[[ RECORDED INFORMATION open ]]
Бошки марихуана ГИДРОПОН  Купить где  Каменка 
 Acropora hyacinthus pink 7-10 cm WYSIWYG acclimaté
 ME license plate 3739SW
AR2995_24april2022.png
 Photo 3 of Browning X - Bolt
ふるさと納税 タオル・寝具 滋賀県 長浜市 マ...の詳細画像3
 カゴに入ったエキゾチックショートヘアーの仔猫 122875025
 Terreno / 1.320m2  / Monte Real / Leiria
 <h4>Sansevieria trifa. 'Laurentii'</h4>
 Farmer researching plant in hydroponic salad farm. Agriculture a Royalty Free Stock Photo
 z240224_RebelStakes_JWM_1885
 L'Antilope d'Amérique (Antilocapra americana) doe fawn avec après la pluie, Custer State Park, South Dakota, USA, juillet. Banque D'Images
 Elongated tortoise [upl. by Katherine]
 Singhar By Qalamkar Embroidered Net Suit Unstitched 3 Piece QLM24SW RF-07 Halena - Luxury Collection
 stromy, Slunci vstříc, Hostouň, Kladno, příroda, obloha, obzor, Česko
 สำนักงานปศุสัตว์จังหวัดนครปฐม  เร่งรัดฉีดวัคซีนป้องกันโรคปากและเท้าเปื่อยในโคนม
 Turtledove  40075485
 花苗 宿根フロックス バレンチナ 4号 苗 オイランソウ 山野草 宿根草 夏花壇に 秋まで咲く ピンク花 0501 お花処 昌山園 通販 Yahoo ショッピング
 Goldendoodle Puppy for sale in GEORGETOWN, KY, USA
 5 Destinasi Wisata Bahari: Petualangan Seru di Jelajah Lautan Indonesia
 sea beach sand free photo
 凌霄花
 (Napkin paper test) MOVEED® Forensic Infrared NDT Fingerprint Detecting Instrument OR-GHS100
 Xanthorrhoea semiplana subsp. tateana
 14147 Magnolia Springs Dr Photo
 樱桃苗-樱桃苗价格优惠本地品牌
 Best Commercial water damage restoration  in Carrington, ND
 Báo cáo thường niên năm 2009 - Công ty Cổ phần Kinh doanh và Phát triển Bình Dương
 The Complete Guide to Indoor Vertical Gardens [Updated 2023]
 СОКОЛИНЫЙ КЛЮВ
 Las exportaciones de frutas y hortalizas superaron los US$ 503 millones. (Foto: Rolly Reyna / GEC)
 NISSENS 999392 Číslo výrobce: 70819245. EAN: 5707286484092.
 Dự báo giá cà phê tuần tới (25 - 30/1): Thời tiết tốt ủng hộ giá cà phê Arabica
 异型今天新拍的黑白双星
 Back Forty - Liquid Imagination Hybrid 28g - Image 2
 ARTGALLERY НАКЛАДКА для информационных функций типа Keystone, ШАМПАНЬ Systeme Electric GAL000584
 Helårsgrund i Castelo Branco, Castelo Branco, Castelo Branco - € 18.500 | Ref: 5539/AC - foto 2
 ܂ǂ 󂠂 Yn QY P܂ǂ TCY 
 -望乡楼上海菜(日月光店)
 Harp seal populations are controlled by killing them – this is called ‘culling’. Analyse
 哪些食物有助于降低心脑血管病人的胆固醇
[[ RECORDED INFORMATION closed ]]
-- WHAT THIS TASK INVOLVES --
Copy exactly the lines from the one with "异型今天新拍的黑白双星" down to the last line of the records above, and leave out everything else.

-- ANSWER AREA --
 异型今天新拍的黑白双星
 Back Forty - Liquid Imagination Hybrid 28g - Image 2
 ARTGALLERY НАКЛАДКА для информационных функций типа Keystone, ШАМПАНЬ Systeme Electric GAL000584
 Helårsgrund i Castelo Branco, Castelo Branco, Castelo Branco - € 18.500 | Ref: 5539/AC - foto 2
 ܂ǂ 󂠂 Yn QY P܂ǂ TCY 
 -望乡楼上海菜(日月光店)
 Harp seal populations are controlled by killing them – this is called ‘culling’. Analyse
 哪些食物有助于降低心脑血管病人的胆固醇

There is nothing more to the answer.